What is being asked: A verbatim copy is needed of the lines below from the one containing "Luftaufnahme eines aus" up to and including the one containing "Barsha Prakash standing", excluding pictures.
*** Input for this task Section Begins ***
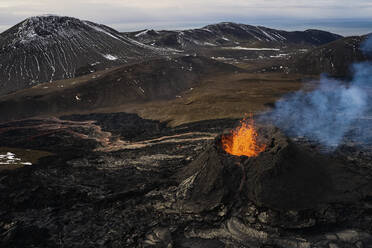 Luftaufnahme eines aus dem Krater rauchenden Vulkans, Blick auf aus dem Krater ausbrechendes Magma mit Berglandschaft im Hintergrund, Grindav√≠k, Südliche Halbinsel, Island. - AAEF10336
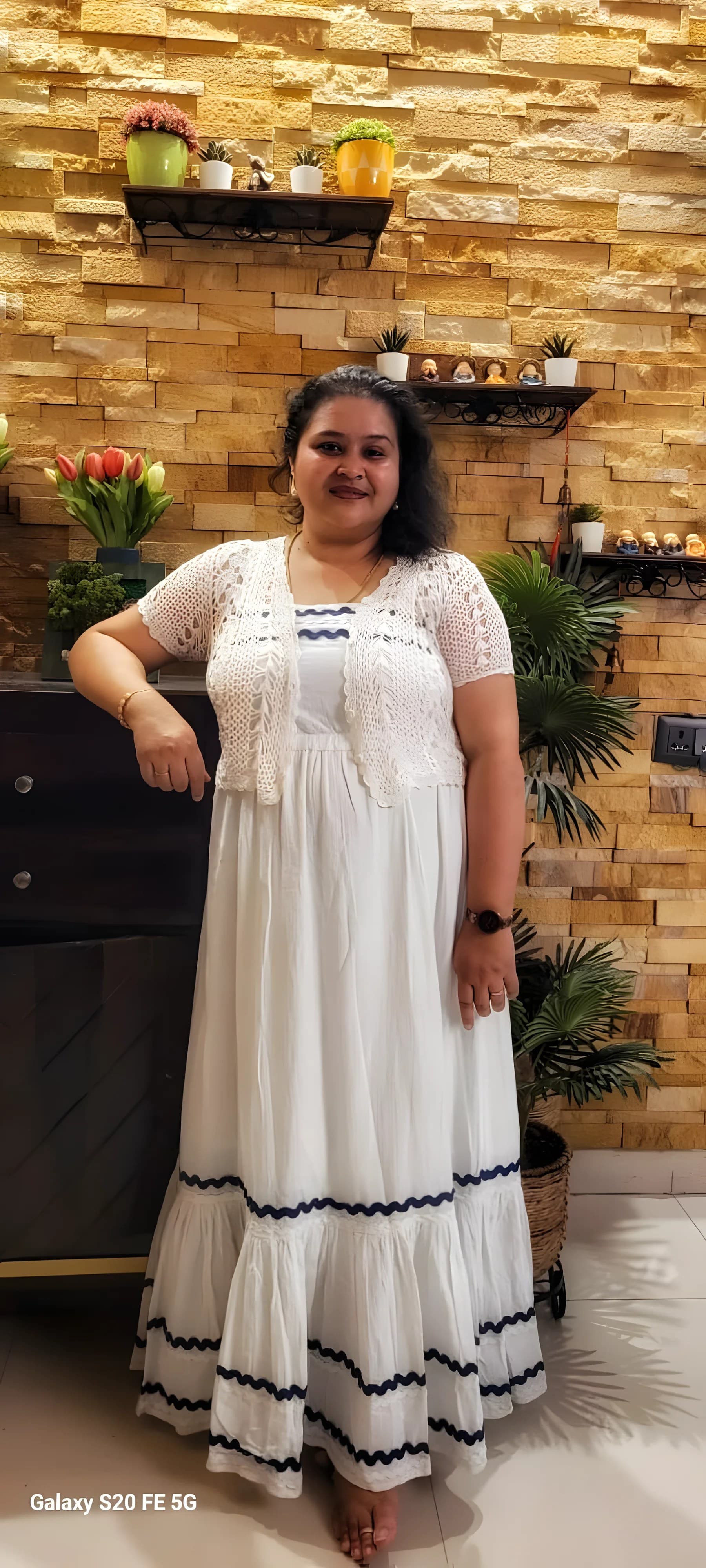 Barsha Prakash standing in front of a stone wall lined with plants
*** Input for this task Section Ends ***
*** Input for this task Section Begins ***
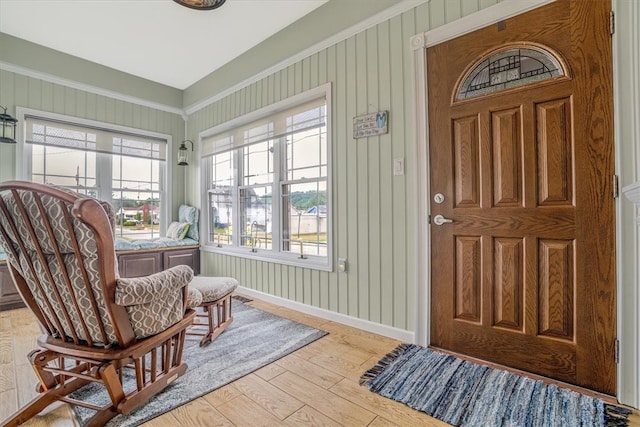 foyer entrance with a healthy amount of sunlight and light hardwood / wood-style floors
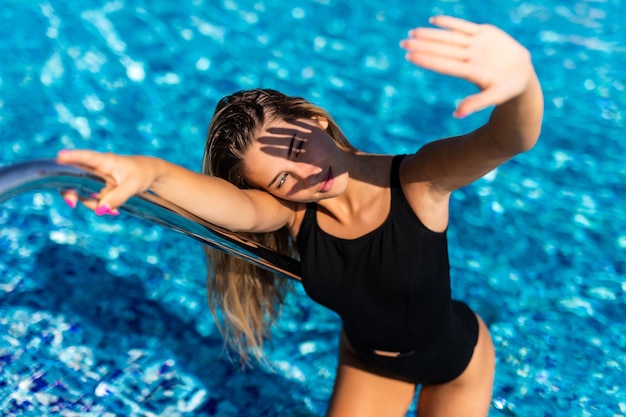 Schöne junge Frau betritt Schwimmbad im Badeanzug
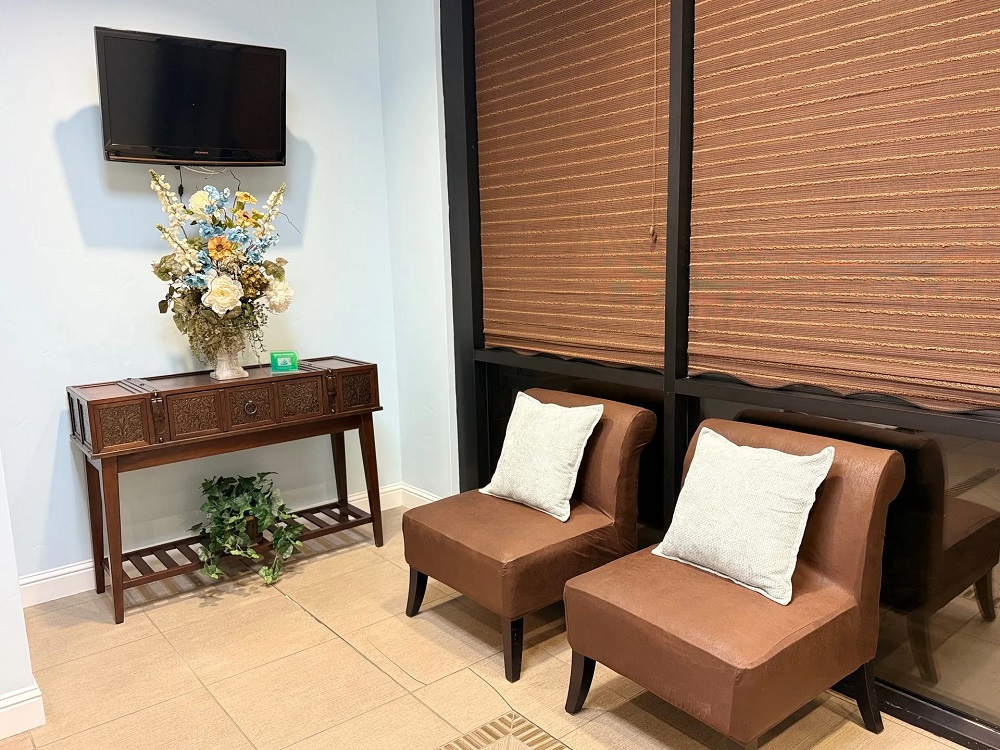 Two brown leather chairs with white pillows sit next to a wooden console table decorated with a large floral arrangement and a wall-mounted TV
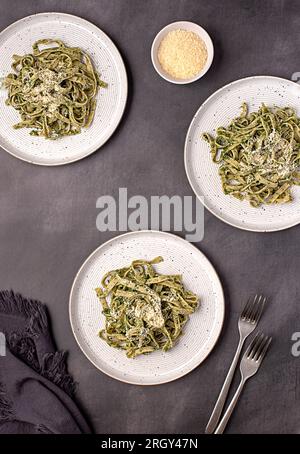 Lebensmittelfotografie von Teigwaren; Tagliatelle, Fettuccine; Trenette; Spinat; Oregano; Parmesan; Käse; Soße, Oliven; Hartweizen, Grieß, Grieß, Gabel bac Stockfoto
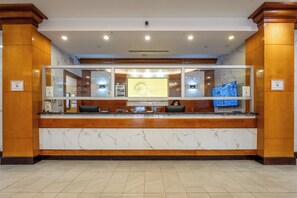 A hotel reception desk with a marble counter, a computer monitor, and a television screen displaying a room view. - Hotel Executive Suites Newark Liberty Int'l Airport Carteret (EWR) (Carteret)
*** Input for this task Section Ends ***
Exercise output:
 Luftaufnahme eines aus dem Krater rauchenden Vulkans, Blick auf aus dem Krater ausbrechendes Magma mit Berglandschaft im Hintergrund, Grindav√≠k, Südliche Halbinsel, Island. - AAEF10336
 Barsha Prakash standing in front of a stone wall lined with plants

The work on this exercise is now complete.